Internal documents show that this discriminatory flaw has been known about for over twelve months. Furthermore, police forces lobbied to reverse an earlier ruling that was intended to address the problem.

Police bosses were notified of the algorithmic discrimination in September 2024. The Home Office-commissioned laboratory study concluded the system was had a higher probability to suggest false positives for images depicting women, Black people, and those under 40 years old.

A Reversed Decision

In reaction, the national police leadership body ordered that the confidence threshold required for possible hits be raised to a level where the disparity was significantly reduced.

However, this decision was reversed the next month following complaints from police that the modified technology was generating fewer “useful lines of inquiry”. NPCC documents indicate the higher threshold reduced the number of searches that yielded potential matches from over half to a just under 15%.

Severe Disparities

Although the authorities refused to say what threshold is currently used, the recent independent review found the system could produce incorrect matches for Black women nearly a hundred times more often than for Caucasian women at specific configurations.

The Home Office stated on these results: “The testing found that in a limited set of circumstances the software is more likely to incorrectly include some population segments in its search results.”

Balancing Utility and Fairness

Outlining the impact of the brief increase to the system's accuracy setting, the NPCC documents note: “The change greatly lessens the effect of discrimination across legally safeguarded attributes of ethnicity, age and gender but had a significant negative impact on police efficiency”. The documents add that police units complained that “a previously useful tool returned results of limited benefit”.

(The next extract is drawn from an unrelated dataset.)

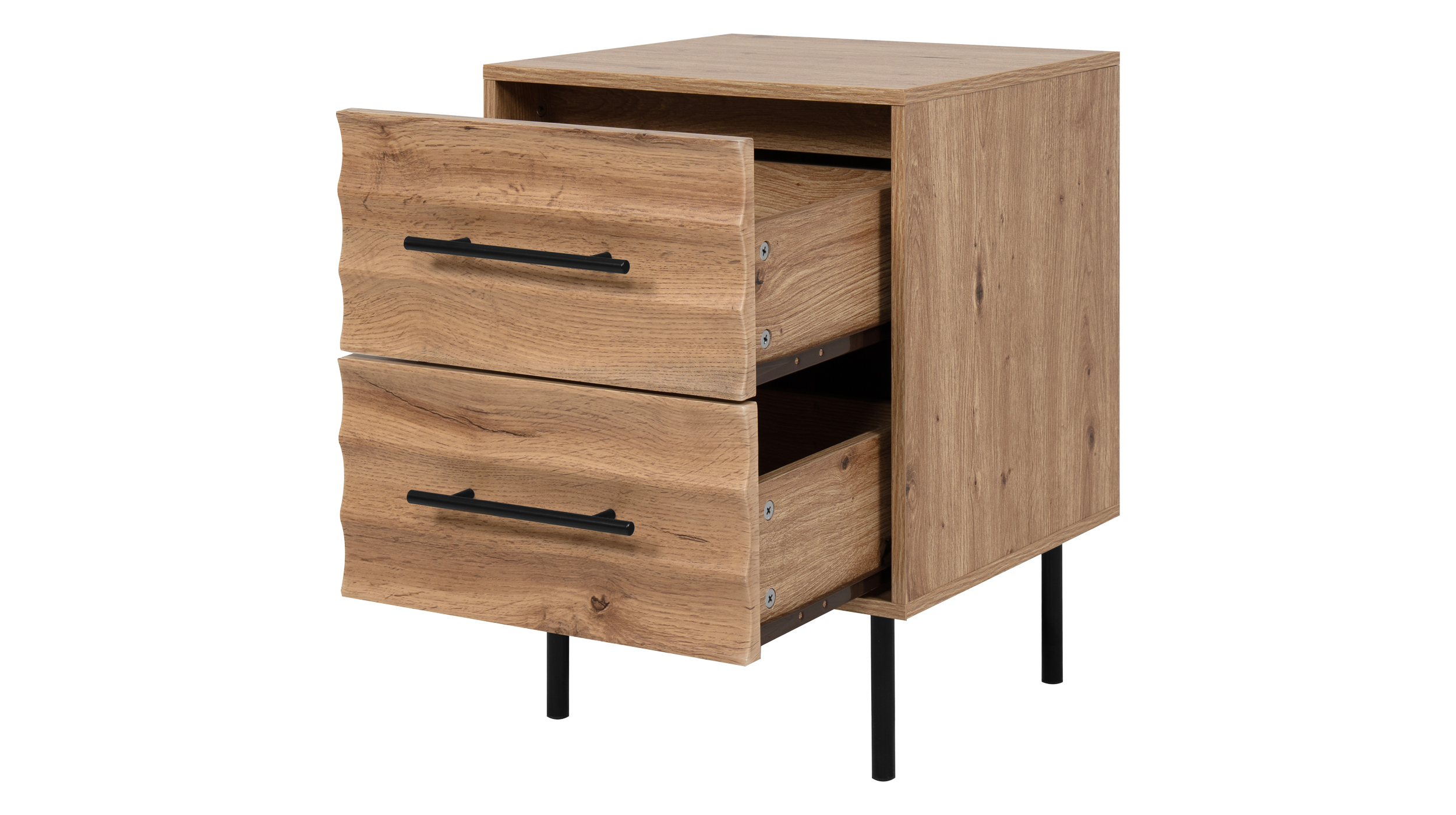 Nachttisch Artisan Eiche 40 x 39 cm - 2 Schubladen - FALUN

Wider Implementation Proposals

Meanwhile, the UK administration has launched a two-and-a-half-month consultation on its plans to expand the use of facial recognition technology. Policing minister the relevant minister has labeled the tool as the “biggest breakthrough since genetic fingerprinting”.

Expert and Oversight Concerns

Abimbola Johnson, chair of the advisory panel for the national policing equality strategy, commented: “We observed scant discussion through equality strategy sessions of the facial recognition rollout even with clear relevance with the plan’s concerns.

“These revelations show yet again that the anti-racism commitments the police has undertaken through the race action plan are not being translated into broader operations. Our reports have warned that innovative tools are being rolled out in a context where ethnic inequalities, inadequate oversight and poor data collection already persist.

“All deployment of facial recognition must adhere to rigorous official guidelines, be independently scrutinised, and prove it diminishes rather than compounds racial disparity.”

Home Office Response

A government representative said: “We treat the findings of the study seriously and we have implemented changes. A updated software has been independently tested and acquired, which has no statistically significant bias. It will be tested early next year and will be undergo further assessment.

“The foremost aim is ensuring public safety. This revolutionary tool will assist officers to put criminals and rapists behind bars. There is human involvement in every step of the process and no further action would be taken without specialist personnel carefully reviewing the output.”

Allison Velasquez
Allison Velasquez

A seasoned gaming journalist with over a decade of experience covering casino trends and slot machine innovations.